#### [What the task requires]
For the entries below, the expected answer is the line with "Aplique de perete", the line with "Awesome Work Reward", and every line between them, exactly as written, and nothing more.

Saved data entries
⟨
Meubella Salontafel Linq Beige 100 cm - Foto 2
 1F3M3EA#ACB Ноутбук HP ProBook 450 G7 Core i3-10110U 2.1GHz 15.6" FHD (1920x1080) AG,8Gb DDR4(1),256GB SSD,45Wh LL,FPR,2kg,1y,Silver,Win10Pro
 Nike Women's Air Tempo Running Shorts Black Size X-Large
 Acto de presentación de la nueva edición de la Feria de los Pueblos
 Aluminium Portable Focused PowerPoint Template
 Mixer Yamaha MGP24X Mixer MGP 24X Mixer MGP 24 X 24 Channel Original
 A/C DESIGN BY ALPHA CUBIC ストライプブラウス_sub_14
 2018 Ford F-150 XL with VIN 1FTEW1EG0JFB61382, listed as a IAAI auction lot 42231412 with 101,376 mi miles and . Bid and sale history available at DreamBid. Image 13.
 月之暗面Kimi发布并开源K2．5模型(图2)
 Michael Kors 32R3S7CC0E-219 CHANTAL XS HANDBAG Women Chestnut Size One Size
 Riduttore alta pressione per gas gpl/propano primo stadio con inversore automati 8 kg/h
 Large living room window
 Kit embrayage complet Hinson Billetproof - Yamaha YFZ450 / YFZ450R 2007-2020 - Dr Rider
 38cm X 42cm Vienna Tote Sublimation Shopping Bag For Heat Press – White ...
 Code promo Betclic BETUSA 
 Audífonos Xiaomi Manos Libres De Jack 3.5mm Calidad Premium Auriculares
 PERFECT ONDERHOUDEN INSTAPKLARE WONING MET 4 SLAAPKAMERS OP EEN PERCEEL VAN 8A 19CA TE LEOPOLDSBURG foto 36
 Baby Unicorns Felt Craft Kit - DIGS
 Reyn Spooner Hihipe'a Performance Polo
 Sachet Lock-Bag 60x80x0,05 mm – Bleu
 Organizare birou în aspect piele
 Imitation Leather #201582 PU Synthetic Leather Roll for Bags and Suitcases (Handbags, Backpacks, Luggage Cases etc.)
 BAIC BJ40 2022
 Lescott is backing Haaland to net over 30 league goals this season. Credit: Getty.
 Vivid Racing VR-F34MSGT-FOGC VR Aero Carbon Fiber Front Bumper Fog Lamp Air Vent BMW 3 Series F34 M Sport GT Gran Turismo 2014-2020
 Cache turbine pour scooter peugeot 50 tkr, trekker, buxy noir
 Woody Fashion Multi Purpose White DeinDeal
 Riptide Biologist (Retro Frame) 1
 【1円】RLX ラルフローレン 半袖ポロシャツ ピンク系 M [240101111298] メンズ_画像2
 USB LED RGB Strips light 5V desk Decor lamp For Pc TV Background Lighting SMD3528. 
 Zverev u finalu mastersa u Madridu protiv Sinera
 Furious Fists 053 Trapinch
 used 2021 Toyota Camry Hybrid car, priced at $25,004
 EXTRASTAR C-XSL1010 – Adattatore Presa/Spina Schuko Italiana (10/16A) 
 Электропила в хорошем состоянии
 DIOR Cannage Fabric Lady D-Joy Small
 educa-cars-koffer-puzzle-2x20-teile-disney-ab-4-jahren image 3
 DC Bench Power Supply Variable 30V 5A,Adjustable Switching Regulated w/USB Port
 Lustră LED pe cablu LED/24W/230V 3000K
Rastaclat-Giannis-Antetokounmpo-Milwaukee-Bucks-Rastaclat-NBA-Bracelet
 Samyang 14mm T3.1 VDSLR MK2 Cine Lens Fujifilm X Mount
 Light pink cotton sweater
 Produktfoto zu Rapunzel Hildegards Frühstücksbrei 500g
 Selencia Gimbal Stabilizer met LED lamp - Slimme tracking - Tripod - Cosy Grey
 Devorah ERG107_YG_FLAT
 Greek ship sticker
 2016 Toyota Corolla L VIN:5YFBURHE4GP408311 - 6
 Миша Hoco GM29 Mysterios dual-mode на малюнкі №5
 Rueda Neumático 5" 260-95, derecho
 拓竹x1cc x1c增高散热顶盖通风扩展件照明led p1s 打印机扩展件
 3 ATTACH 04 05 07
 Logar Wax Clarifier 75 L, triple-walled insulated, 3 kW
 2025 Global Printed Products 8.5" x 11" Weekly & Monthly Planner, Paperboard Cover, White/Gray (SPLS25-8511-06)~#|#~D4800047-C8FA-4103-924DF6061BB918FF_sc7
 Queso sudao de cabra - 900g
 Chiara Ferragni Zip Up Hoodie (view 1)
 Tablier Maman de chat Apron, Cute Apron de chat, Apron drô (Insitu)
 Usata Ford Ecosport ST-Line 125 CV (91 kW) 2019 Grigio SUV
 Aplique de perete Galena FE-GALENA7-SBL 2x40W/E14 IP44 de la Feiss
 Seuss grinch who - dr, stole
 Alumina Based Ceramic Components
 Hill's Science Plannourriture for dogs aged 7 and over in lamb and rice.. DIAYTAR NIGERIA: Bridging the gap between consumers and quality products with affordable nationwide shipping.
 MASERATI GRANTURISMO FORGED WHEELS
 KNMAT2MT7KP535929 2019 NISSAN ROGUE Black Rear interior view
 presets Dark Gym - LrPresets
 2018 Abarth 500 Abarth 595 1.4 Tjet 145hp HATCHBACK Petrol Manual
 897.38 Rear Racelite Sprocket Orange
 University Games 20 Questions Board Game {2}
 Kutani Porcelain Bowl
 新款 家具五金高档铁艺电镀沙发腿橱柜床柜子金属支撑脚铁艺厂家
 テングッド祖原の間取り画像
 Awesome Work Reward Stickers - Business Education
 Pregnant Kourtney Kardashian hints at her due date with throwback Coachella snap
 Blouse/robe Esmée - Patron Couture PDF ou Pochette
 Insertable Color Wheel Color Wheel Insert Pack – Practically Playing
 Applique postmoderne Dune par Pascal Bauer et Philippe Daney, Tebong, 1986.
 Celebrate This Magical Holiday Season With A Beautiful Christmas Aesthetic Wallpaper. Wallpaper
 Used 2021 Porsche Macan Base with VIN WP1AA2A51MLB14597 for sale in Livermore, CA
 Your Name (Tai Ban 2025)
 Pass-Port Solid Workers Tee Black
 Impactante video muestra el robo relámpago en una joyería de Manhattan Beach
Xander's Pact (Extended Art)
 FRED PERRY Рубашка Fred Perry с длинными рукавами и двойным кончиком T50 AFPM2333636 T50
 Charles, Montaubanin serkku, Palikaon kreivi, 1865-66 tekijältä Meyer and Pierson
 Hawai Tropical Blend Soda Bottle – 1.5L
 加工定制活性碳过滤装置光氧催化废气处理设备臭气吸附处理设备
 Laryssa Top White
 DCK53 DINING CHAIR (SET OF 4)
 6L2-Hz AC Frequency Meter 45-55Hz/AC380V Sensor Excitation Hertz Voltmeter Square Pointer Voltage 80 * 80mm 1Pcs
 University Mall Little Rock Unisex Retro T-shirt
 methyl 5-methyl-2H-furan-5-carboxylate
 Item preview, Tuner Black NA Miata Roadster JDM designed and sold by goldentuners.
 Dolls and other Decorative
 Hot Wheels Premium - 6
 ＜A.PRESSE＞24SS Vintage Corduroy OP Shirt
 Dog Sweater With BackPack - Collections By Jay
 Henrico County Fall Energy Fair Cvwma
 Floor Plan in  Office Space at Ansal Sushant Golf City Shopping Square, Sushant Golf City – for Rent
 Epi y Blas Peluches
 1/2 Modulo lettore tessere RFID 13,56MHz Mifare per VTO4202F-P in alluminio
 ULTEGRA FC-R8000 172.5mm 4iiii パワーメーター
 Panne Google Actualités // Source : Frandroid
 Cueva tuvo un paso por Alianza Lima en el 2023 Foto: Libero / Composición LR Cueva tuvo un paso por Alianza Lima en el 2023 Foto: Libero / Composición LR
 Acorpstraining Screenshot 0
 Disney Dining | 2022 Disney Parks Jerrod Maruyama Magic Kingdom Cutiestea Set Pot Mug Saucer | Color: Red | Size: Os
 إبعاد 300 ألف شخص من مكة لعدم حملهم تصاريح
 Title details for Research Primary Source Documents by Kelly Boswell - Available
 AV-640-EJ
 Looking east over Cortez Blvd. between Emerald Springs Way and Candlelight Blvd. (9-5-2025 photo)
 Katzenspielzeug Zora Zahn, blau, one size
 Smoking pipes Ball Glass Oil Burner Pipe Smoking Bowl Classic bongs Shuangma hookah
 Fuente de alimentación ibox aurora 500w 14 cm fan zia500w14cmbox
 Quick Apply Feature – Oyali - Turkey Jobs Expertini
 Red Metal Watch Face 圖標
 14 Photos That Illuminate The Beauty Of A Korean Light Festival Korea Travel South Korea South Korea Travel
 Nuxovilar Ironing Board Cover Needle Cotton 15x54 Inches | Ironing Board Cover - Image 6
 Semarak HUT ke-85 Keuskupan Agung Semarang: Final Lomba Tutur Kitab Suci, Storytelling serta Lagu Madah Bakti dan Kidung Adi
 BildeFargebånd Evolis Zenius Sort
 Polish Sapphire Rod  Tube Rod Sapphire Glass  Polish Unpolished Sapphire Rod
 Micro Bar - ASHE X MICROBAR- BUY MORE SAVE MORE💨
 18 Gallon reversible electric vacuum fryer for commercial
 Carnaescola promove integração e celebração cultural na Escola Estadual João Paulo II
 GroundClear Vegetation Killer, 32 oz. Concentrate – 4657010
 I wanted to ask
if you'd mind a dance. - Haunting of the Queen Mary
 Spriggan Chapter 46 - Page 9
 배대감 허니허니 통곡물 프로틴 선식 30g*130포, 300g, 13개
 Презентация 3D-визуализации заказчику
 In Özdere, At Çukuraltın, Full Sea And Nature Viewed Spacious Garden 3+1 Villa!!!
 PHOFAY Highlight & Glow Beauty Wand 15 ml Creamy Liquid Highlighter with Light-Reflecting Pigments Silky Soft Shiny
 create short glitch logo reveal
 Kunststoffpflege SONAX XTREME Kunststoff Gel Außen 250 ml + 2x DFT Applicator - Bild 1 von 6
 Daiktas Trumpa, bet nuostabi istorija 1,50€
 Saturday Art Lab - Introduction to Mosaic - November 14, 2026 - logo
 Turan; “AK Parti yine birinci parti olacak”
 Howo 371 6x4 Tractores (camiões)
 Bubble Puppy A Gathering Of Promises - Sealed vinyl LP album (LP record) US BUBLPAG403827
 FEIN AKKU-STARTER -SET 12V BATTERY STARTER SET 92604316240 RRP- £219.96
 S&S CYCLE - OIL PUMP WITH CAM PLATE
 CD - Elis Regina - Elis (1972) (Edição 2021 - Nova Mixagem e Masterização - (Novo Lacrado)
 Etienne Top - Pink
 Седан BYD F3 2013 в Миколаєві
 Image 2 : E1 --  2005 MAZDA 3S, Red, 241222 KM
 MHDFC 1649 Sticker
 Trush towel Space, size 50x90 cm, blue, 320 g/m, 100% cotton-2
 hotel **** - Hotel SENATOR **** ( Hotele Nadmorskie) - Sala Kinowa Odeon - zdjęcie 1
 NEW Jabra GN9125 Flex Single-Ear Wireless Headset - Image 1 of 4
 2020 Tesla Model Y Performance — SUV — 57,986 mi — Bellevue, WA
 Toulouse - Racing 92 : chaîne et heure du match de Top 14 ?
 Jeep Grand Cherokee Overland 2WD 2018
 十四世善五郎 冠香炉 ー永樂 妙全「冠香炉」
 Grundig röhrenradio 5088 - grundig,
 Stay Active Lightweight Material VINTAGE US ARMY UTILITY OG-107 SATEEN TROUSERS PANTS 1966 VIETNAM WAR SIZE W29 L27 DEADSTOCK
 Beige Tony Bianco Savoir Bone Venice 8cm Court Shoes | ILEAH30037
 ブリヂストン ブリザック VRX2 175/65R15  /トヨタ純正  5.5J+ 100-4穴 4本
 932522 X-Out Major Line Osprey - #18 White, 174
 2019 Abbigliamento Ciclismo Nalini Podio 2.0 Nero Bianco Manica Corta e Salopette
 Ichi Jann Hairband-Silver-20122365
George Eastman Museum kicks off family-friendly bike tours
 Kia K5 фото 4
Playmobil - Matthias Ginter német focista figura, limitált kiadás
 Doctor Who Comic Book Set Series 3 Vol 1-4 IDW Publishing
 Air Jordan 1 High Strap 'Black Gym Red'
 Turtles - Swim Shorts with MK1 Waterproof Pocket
⟩
#### [Task solution]
 Aplique de perete Galena FE-GALENA7-SBL 2x40W/E14 IP44 de la Feiss
 Seuss grinch who - dr, stole
 Alumina Based Ceramic Components
 Hill's Science Plannourriture for dogs aged 7 and over in lamb and rice.. DIAYTAR NIGERIA: Bridging the gap between consumers and quality products with affordable nationwide shipping.
 MASERATI GRANTURISMO FORGED WHEELS
 KNMAT2MT7KP535929 2019 NISSAN ROGUE Black Rear interior view
 presets Dark Gym - LrPresets
 2018 Abarth 500 Abarth 595 1.4 Tjet 145hp HATCHBACK Petrol Manual
 897.38 Rear Racelite Sprocket Orange
 University Games 20 Questions Board Game {2}
 Kutani Porcelain Bowl
 新款 家具五金高档铁艺电镀沙发腿橱柜床柜子金属支撑脚铁艺厂家
 テングッド祖原の間取り画像
 Awesome Work Reward Stickers - Business Education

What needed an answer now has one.